WHAT IS REQUIRED
Please return every entry below exactly as written, without any of its pictures.

DATA FOR THIS EXERCISE
□ □ □ □ □ □ □
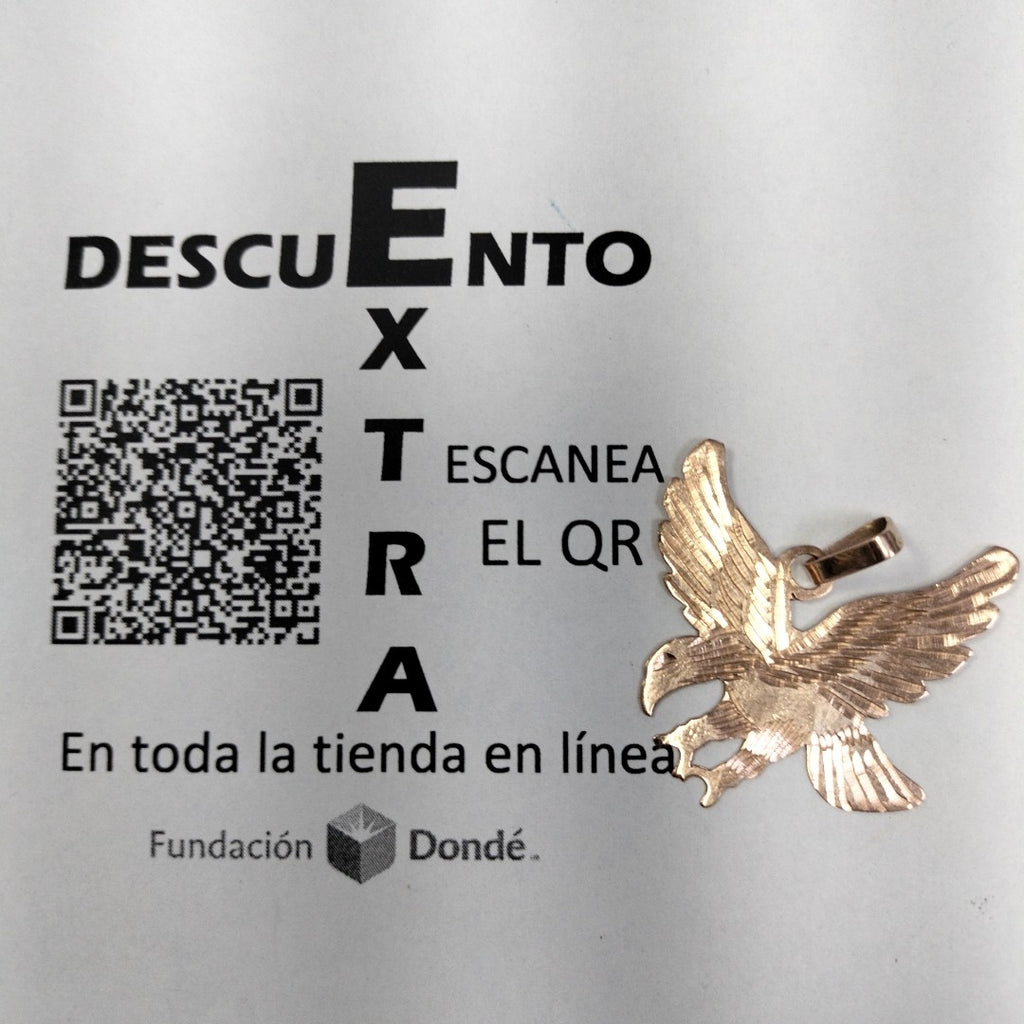 DIJE ORO 10 K 2 GRMS (SEMINUEVO)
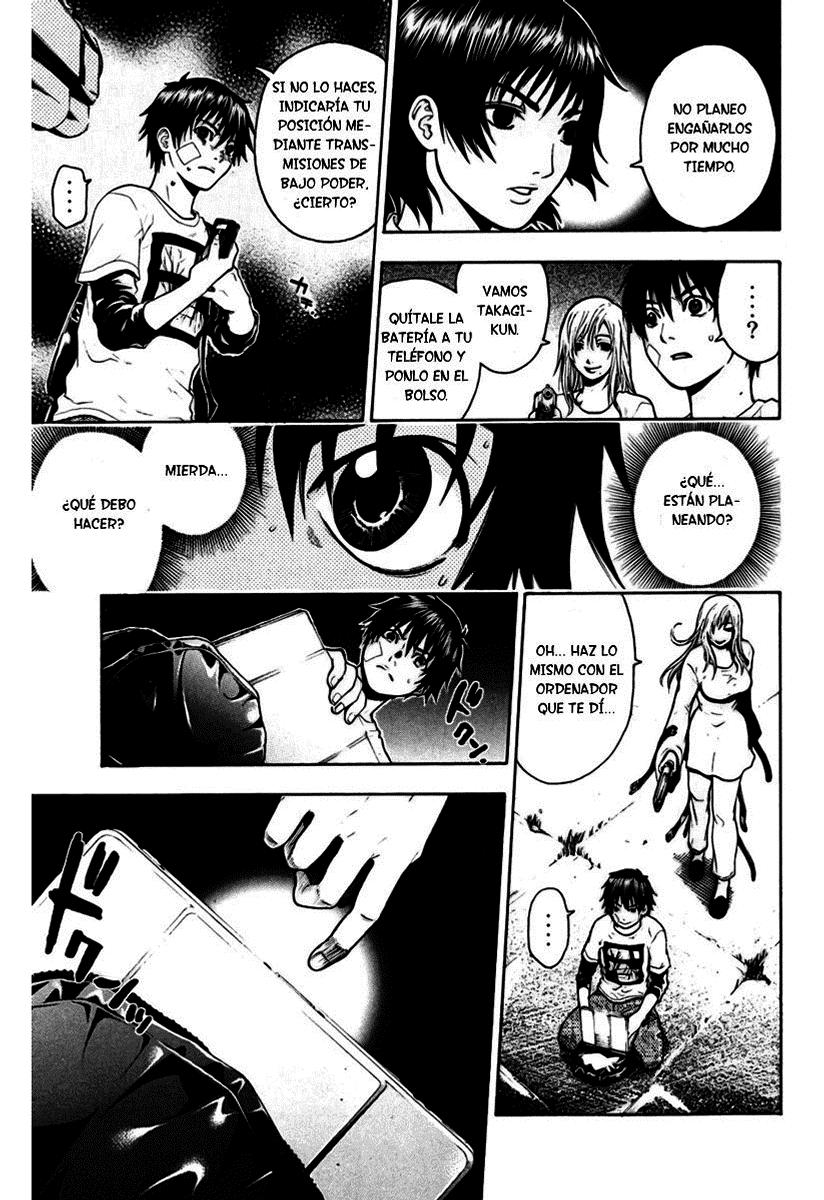 Read Bloody Monday (es) Manga Online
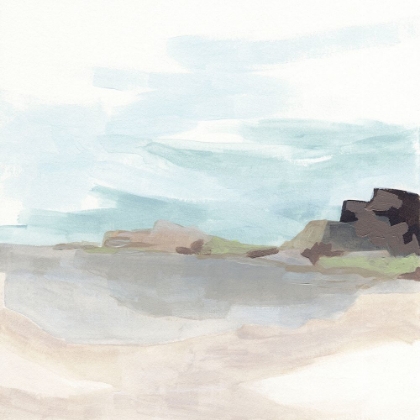 Picture of GLACIAL COAST II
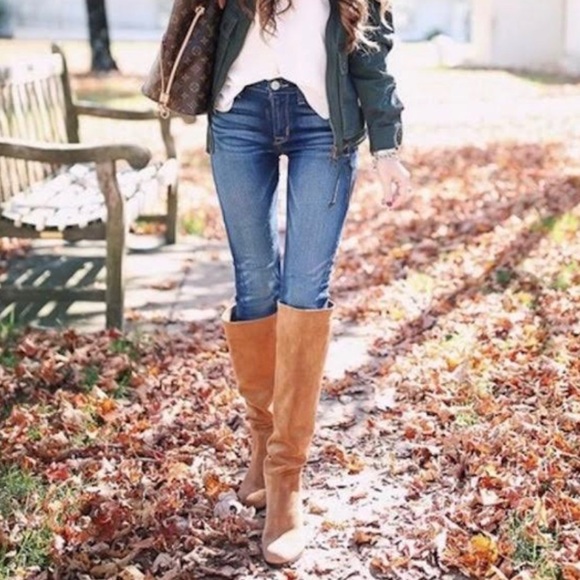 Sam Edelman Silas Knee High Boots 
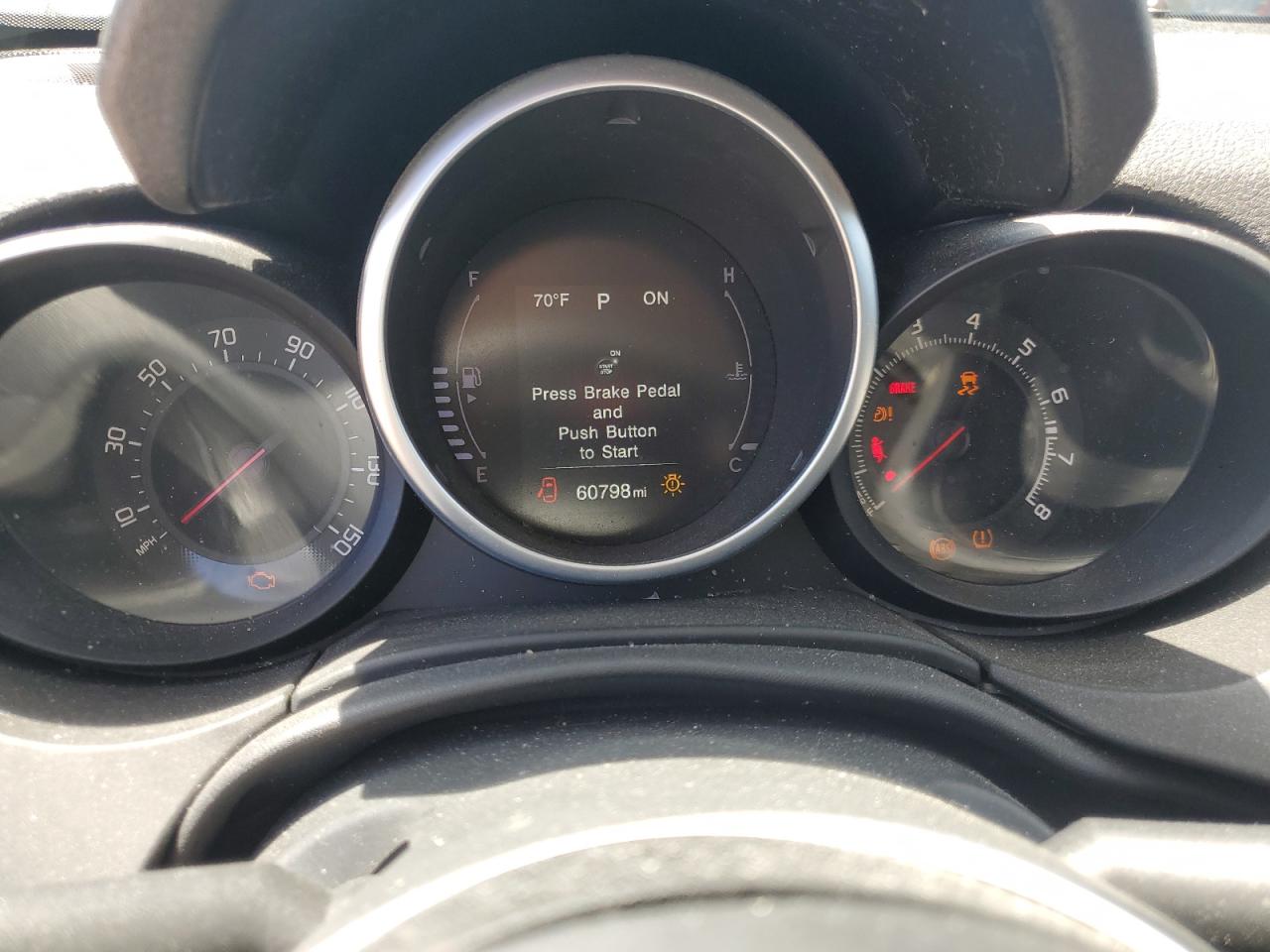 FIAT 500 2018 VIN ZFBCFXCB6JP642249 zdjęcie 9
□ □ □ □ □ □ □
REPLY TO THE TASK
 DIJE ORO 10 K 2 GRMS (SEMINUEVO)
 Read Bloody Monday (es) Manga Online
 Picture of GLACIAL COAST II
 Sam Edelman Silas Knee High Boots 
 FIAT 500 2018 VIN ZFBCFXCB6JP642249 zdjęcie 9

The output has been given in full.